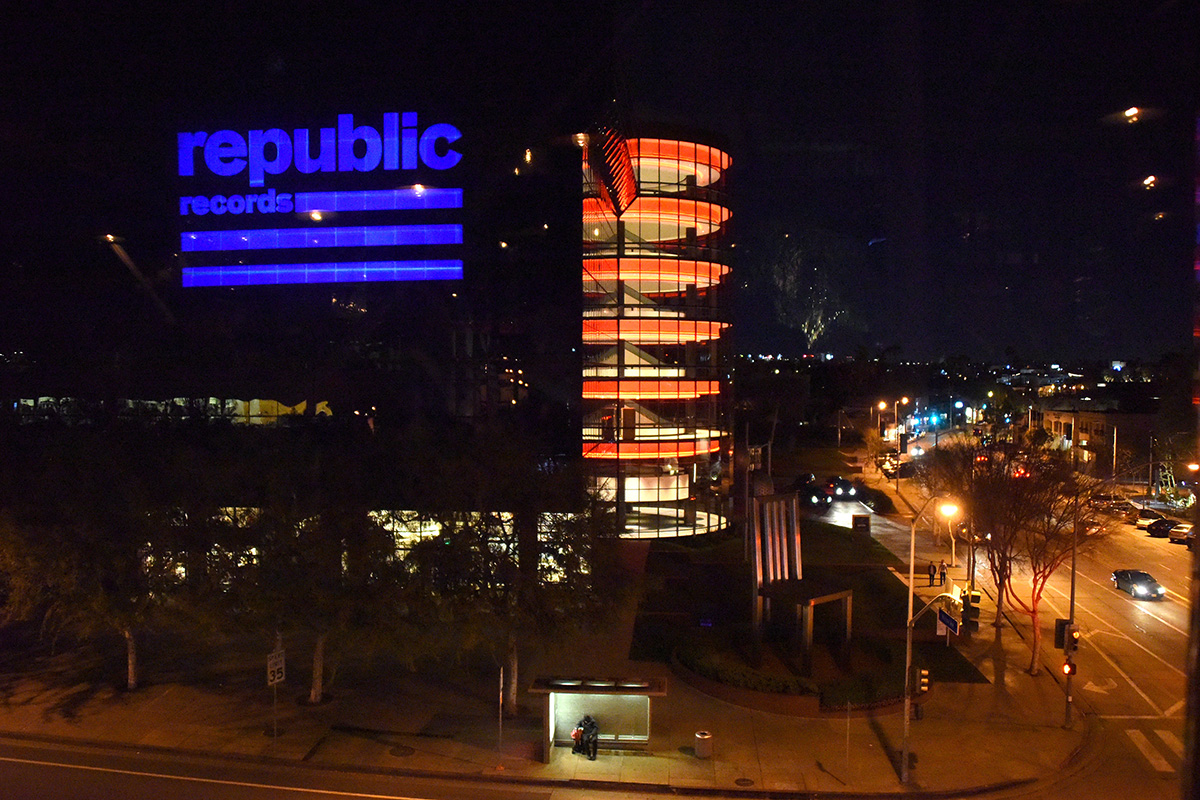 A view of Pacific Design Center at a celebration of music with Republic Records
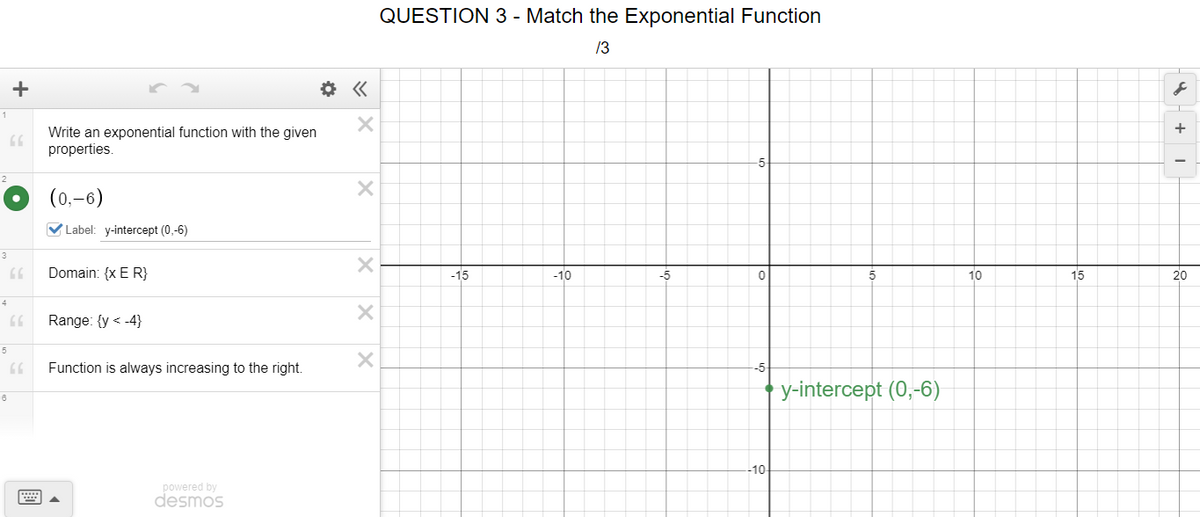 QUESTION 3 - Match the Exponential Function
13
+
1
Write an exponential function with the given
properties.
-5
(0,-6)
V Label: y-intercept (0,-6)
3
Domain: {x E R}
-15
-10
-5
10
15
20
4
Range: {y < -4}
Function is always increasing to the right.
-5-
y-intercept (0,-6)
-10-
powered by
desmos
+
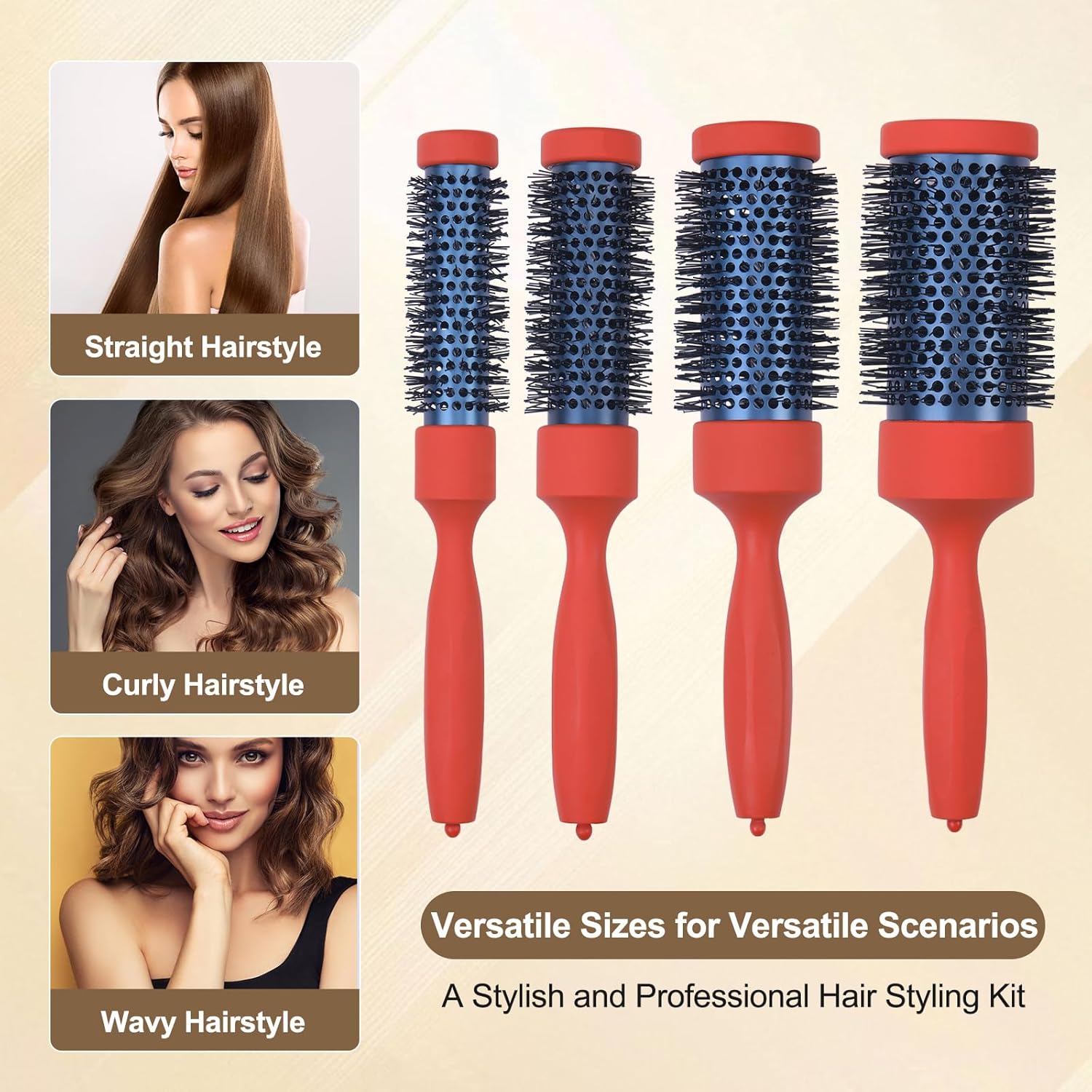 ceramic round brush set on white background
===
§ **Required action**
The answer should contain all the material above, copied exactly, and no images.

§ **Answer space**
 A view of Pacific Design Center at a celebration of music with Republic Records
 QUESTION 3 - Match the Exponential Function
13
+
1
Write an exponential function with the given
properties.
-5
(0,-6)
V Label: y-intercept (0,-6)
3
Domain: {x E R}
-15
-10
-5
10
15
20
4
Range: {y < -4}
Function is always increasing to the right.
-5-
y-intercept (0,-6)
-10-
powered by
desmos
+
 ceramic round brush set on white background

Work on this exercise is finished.